The participants accurately noted sex trafficking is very much a part of the overall human-trafficking problem plaguing this country.
According to the National Incidence Studies of Missing, Abducted, Runaway and Throwaway Children, more than 2,100 children are reported missing every day in America. Add to that the fact that 1 in 6 runaways is likely to become a victim of sex trafficking, and the need to urgently deal with this crisis becomes clear.
As Ohio Attorney General Mike DeWine put it, “We want to get these kids before the traffickers do.”
In talking about the “Stop Enabling Sex Traffickers Act,” Portman noted legal challenges of Backpage.com have been unsuccessful because of a provision in the Communications Decency Act. It shields websites such as Backpage.
The bipartisan bill would ensure that websites that knowingly facilitate sex trafficking can be held liable so victims can get justice.
The measure would: allow victims of sex trafficking to seek justice against websites that knowingly facilitate crimes against them; eliminate federal liability protections for websites that assist, support or facilitate a violation of federal trafficking laws; enable state law-enforcement officials, not just the U.S. Department of Justice, to take action against individuals or businesses that violate federal sex- trafficking laws.
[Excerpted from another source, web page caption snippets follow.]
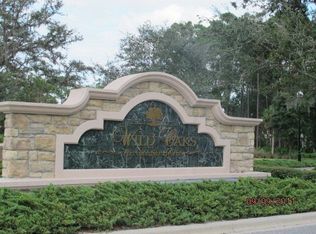 54 Scarlet Oak Cir, Palm Coast, FL 32137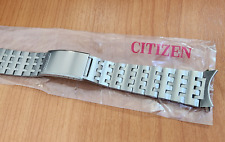 Nos citizen bracelet for sale  Shipping to Ireland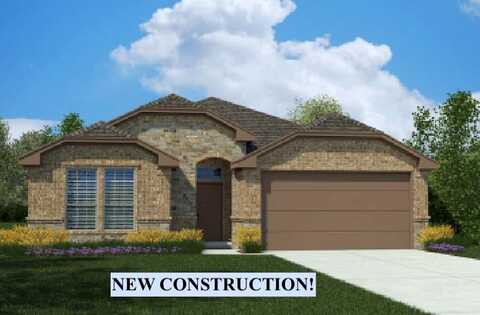 7111 Coyote Rd, Odessa, TX 79765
Portman’s efforts haven’t gone unnoticed. Ohio’s other senator, Democrat Sherrod Brown, said he is “pleased to join Sen. Portman in making sure law enforcement can protect Ohioans from online predators.”
At a time of intense partisanship in Congress and with the White House in turmoil because of Republican President Donald Trump’s picking fights with members of his own party on Capitol Hill, the push by Portman and others to deal with online sex trafficking is commendable, important and necessary.
There should be no hesitation on the part of all members of Congress to pass the “Stop Enabling Sex Traffickers Act.” It would be the height of irresponsibility for President Trump not to sign it into law.